Source: Scatterplots by Katherine Williams
This tutorial talks about measures of variation. Now, another name for measures a variation is measures of spread. With measures of variation or spread, it's giving us important information about the distribution of data. Using only the measure of center is not enough. So if we only look at where the center of our data is, we won't get a complete enough picture of how our data is distributed, if we don't also look at the measures of variation or spread.
Examples of measure variation or spread include range, standard deviation, and variance. Each of these three measures of variation, range, standard deviation, and variance, will be covered in another tutorial that will go through how to calculate them and how to kind of interpret the value that you obtain.
One thing to note is that if you have a high measure of variation, then the data is very spread out from the center. You have a lot of values that are very low or very high. And then, your center is kind of far away from that. If you have a low measure of variation, the data is bunched up around the center. So let's look at an example.
Let's pretend we're looking at a very simplified example of the temperatures of three days in two different cities. And in one city, we have the first day it's 0 degrees, the second day it's 25 degrees out, and the third day it's 50 degrees out. Now, I know that's not very likely. But it's going to help to [INAUDIBLE] our point.

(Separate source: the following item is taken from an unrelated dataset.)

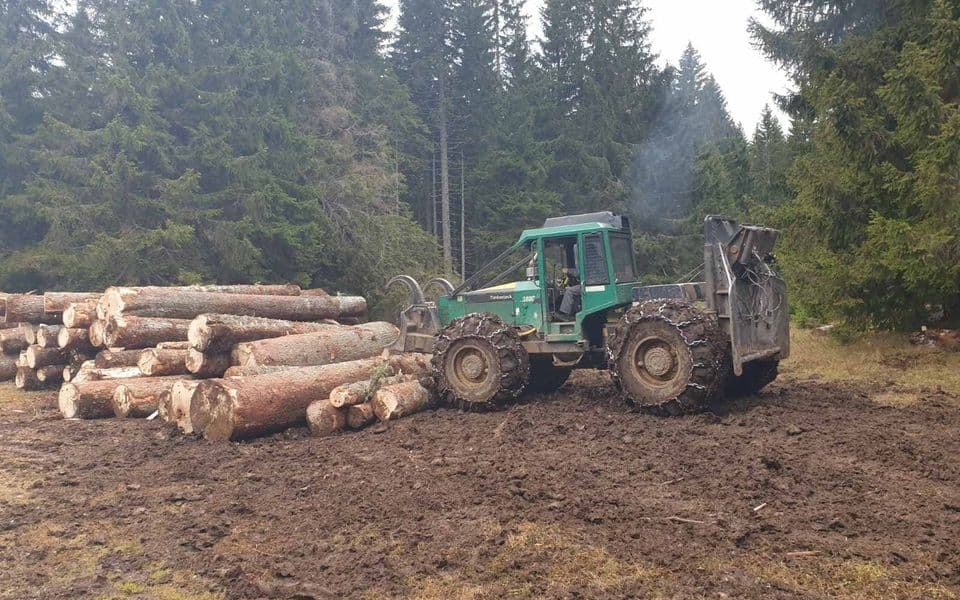 KOR: Zaustaviti poharu šume na Durmitoru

And in the other city, we had a temperature of 24 degrees, 25 degrees, and 26 degrees. Now, in both cities, the middle value, the center, the median, is 25. So they both have the same center. But if we look at the spread, here, the data is a lot more spread out. It goes from the minimum of 0 to the maximum of 50. So this is highly varied and the data is very spread out from the center.
In this example, the data is much less spread out. It goes only from 24 to 26. So in this example, they have a very low measure of spread, very low variation. So this is why it's important to look at both center and spread. Because without knowing both the center and the spread, you can have two very different data sets and not know the difference if you're only looking at the center. So this has been your tutorial on the measures of variation.